José Mourinho Chelsea Return: Returning Managers' Successes And Failures

Chelsea are often accused of lacking history, but exactly nine years and one day after they unveiled José Mourinho as their manager the Blues have announced the return of the self-proclaimed "special one".

In 2004, Mourinho was, as he told the assembled media "a European champion", a "top manager" and "not one of the bottle". He won five major trophies in three seasons with Chelsea, as his predecessor, Rafael Benítez, thwarted the Portuguese's Champions League assaults with Liverpool in 2005 and 2007.

The Champions League remains something of an elusive crown for Roman Abramovich. The fortuitous 2012 triumph, however remarkable, glorious and delightful, seems somehow tainted by the manner in which it was secured. Abramovich's reluctance to appoint Roberto di Matteo exposed his dissatisfaction and after Pep Guardiola rejected Chelsea last year he has returned to Mourinho.

Yet they say never go back in football and, in the English game, it is testament to the mantra that Tony Pulis and Harry Redknapp are the outstanding managers to have succeeded when returning.

Sir Alex Ferguson retired not four weeks ago, but his spiritual predecessor Sir Matt Busby returned to the role of Manchester United manager in 1970. Wilf McGuinness, a disastrous and ill-advised in-house appointment, was dwarfed by Busby's shadow as the Scot kept the manager's office at Old Trafford despite being a director. Busby returned in December 1970 as caretaker manager, with McGuinness demoted to reserve team boss, before steering United to eighth and stepping down in 1971.

Another Scot, Kenny Dalglish, preceded over one of the most risible seasons in Liverpool's recent history when he replaced Roy Hodgson in January 2011. Fans' calls for Dalglish's second came as early as November 2010, with a notable statement made in Hodgson's final match, when Liverpool's away section at Blackburn was just two-thirds full.

Dalglish led Liverpool to three titles and two FA Cup triumphs during his first spell at Anfield between 1985 and 1991, but was caught in a time-warp during his second tenure.

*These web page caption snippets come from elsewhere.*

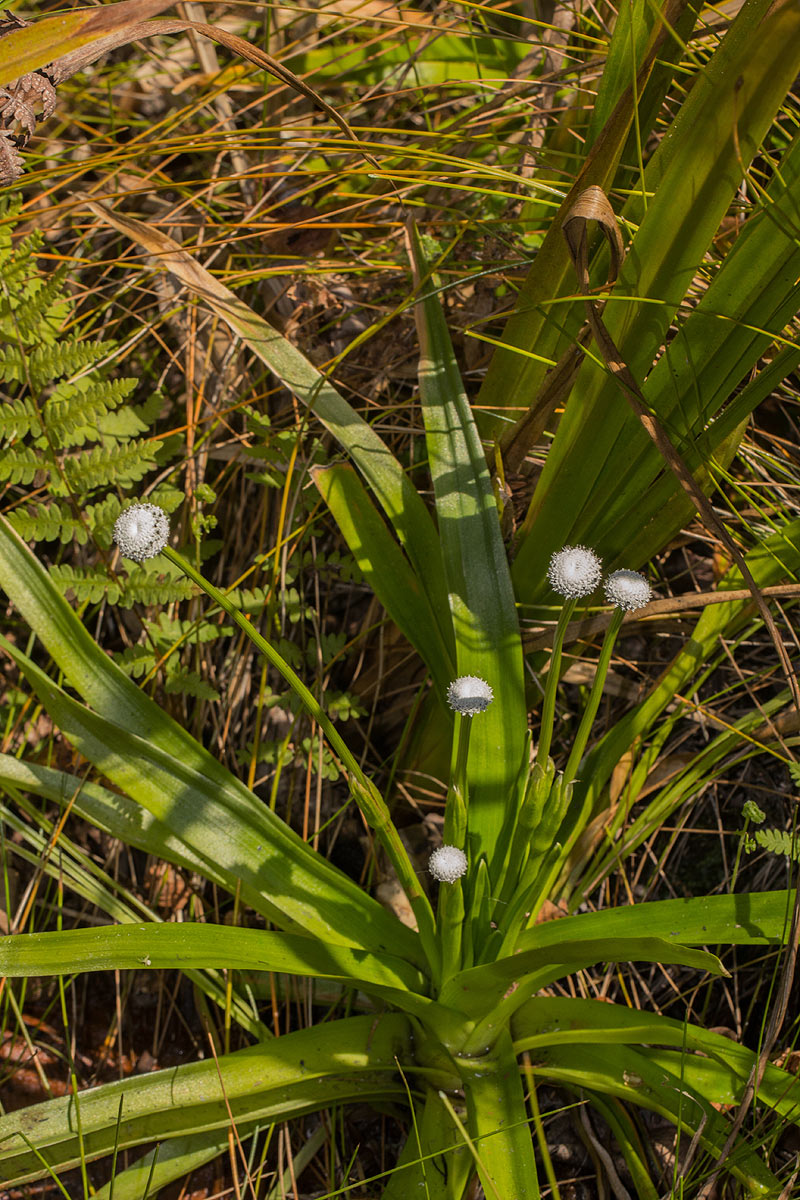 Eriocaulon schimperi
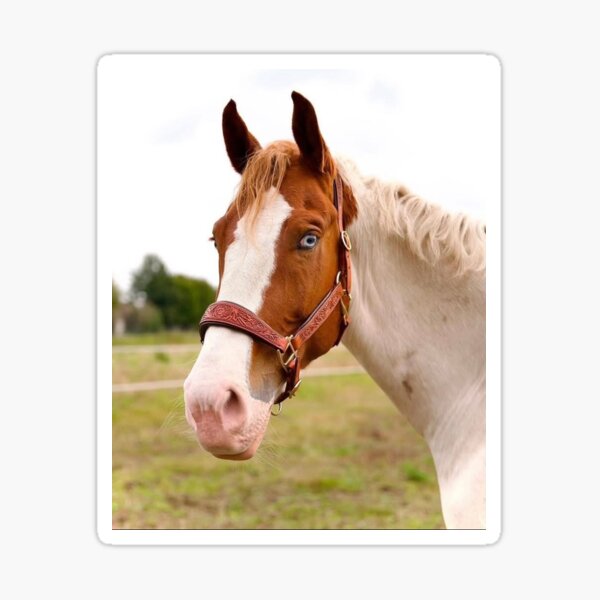 Aperçu de l'œuvre Cheval aux yeux bleus créée et vendue par sissymoon22.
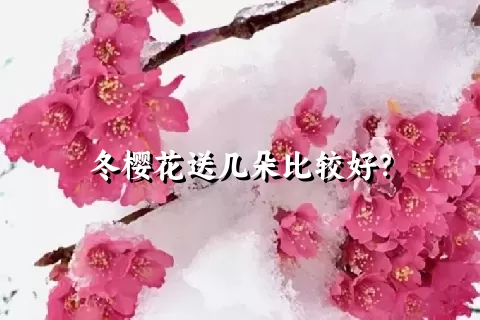 冬樱花送几朵比较好？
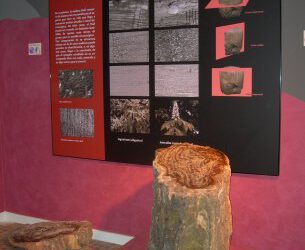 Ya se puede visitar el Centro del Árbol fósil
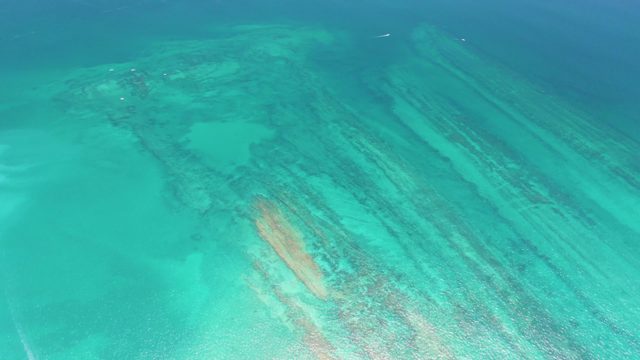 Shallow Turquoise Water with Coral and Moving Current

He guided the club to their first trophy in six years with the 2012 League Cup, however the club's campaign was blighted by Dalglish's bizarre behaviour, notably his staunch defence of Luis Suárez despite the Uruguayan being found guilty of racially abusing Patrice Evra. He was sacked after the Reds lost to Chelsea in the FA Cup final and finished eighth in the Premier League.

Across Stanley Park, Everton welcomed back Howard Kendall not once, but twice during their 90s slump. Under Kendall, they won the title in 1985 and 1987, the FA Cup in 1984 and the European Cup Winners' Cup in 1985.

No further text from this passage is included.